Police have raided six Deutsche Bank offices in and around Frankfurt over money laundering allegations linked to the “Panama Papers”.
The public prosecutor’s office said: “Investigators are looking into the activities of two unnamed Deutsche Bank employees alleged to have helped clients set up offshore firms to launder money.
“It focuses on the years 2013 through to 2018,’’ a spokeswoman for the prosecutor’s office said.
About 170 police officers, prosecutors and tax inspectors searched the offices where written and electronic business documents were seized.
“Of course, we will cooperate closely with the public prosecutor’s office in Frankfurt, as it is in our interest as well to clarify the facts,” Deutsche Bank said.
The bank added that it believed it had already provided all the relevant information related to the “Panama Papers”.
The news came as Deutsche Bank tried to repair its tattered reputation after three years of losses and a drumbeat of financial and regulatory scandals.
Christian Sewing was appointed as chief executive in April to help the bank to rebuild, while he trimmed U.S. operations and reshuffled the management board but revenue has continued to slip.

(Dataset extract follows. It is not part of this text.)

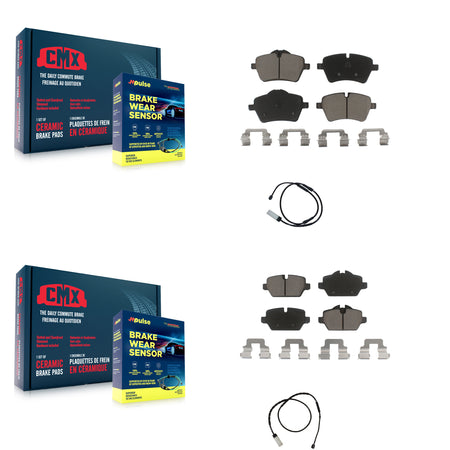 Front Rear Ceramic Disc Brake Pads And Wear Sensor Kit For Mini Cooper Countryman Paceman KCW-100031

Deutsche Bank shares were down over 2 per cent by 1409 GMT and have lost almost half their value this year.
“The investigation was triggered after investigators reviewed so-called `Offshore-Leaks’ and `Panama Papers,’’ the prosecutor said.
The “Panama Papers”, which consist of millions of documents from Panamanian law firm Mossack Fonseca, were leaked to the media in April 2016.
The prosecutors said they are looking at whether Deutsche Bank may have assisted clients to set up offshore companies in tax havens so that funds transferred to accounts at Deutsche Bank could skirt anti-money laundering safeguards.
“In 2016 alone, over 900 customers were served by a Deutsche Bank subsidiary registered on the British Virgin Islands, generating a volume of 311 million Euros,’’ the prosecutors said.
They also said Deutsche Bank employees are alleged to have breached their duties by neglecting to report money laundering suspicions about clients and offshore companies involved in tax evasion schemes.
Prosecutors began the investigation in August.
It is separate from another money laundering scandal surrounding Danske Bank, where Deutsche Bank is involved.
Danske is under investigation for suspicious payments totaling 200 billion Euros from 2007 onwards and a source with direct knowledge of the case has told Reuters Deutsche Bank helped to process the bulk of the payments.
A Deutsche Bank executive director has said the lender played only a secondary role as a so-called correspondent bank to Danske Bank, limiting what it needed to know about the people behind the transactions.